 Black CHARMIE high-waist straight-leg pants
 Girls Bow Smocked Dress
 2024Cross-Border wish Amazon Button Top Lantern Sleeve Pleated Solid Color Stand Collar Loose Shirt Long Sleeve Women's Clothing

• DESCRIPTION OF THE TASK
Send back every line of the listing above exactly.

• ANSWER TO THIS EXERCISE
 Black CHARMIE high-waist straight-leg pants
 Girls Bow Smocked Dress
 2024Cross-Border wish Amazon Button Top Lantern Sleeve Pleated Solid Color Stand Collar Loose Shirt Long Sleeve Women's Clothing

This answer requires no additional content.